鸛(こうのとり)の手抜き
歓迎されなかったことを知った鸛は完全にやる気をなくしたと見え、仕返しとでもいおうか整備不良の赤ん坊を丸山家に運んできて羽ばたいていった。
何があっても取り乱すまいと堅く誓い合った重正夫婦も赤子を見た瞬間頭の中が真っ白になった。まさに机上の空論と現実とのギャップに戸惑うのも無理からぬことだろう。
さらにこの噂が町内を一回りするのにさほど時間はかからなかった。悪意に満ちた女どもが見舞いを装って赤子の顔を覗きに来るのだから天真爛漫だった嘉子がおかしくなっても不思議ではない。

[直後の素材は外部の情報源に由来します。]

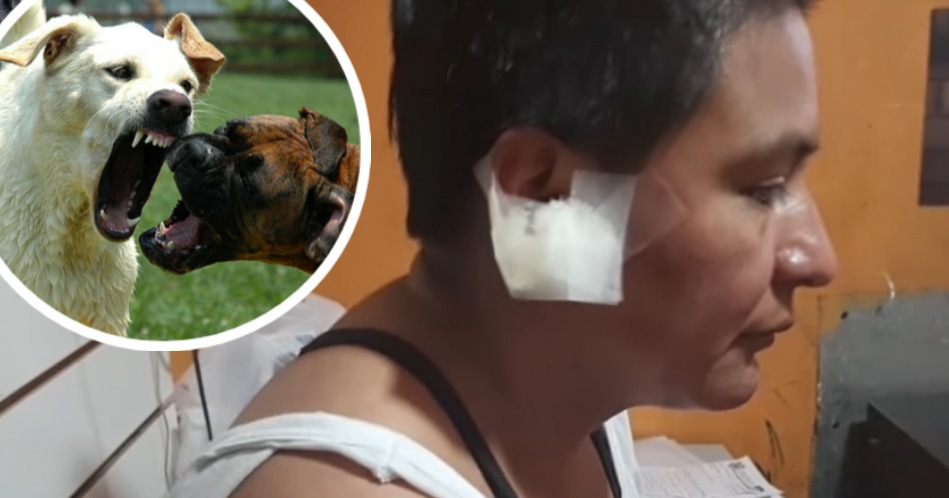 Terrible: Una mujer perdió parte de su oreja al ser atacada por al menos 10 perros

「丸山さんに鬼子ができたらしいよ。目の玉がないそうらしい。見に行こうや。」
古閑幸江(こがさちえ)が切り出し柏村佳枝(かしわむらよしえ)と青柳民子(あおやぎたみこ)を引き連れてやって来た。
「まあ大変ねえ。何でこんなことになったんやろうねえ、お気の毒に。私は来るのを止めようと言ったんだけどこの二人が誘うもんでついね。悪く思わないでね。御大事に。」
張り付くようなねっとりした古閑の言葉は嘉子をどれほど傷つけたことだろう。
「よこしゃん、だからうちが産むのは止めるように言うたやろう。今更殺すわけにもいかんしあんたたちが耐えていくしかないとよ。冬なら風邪をひくということもあろうけどこれだけ暑かったらこの子は育つやろうなあ。」
法子の顔には明らかに落胆の色が見えた。姉としていたたまれなかったのだろう。そんなおり重正も実馬との中の確執を取り除くのに心を砕いていた。それにはしばらく口をきかなかった実馬に娘の名付け親になってもらうことこそ最良の策ではないかと判断した。
なさぬ仲だからこそ実馬をたてなければならないと彼なりの気遣いだ。
これも実馬に虐げられてきたなれの果てかも知れない。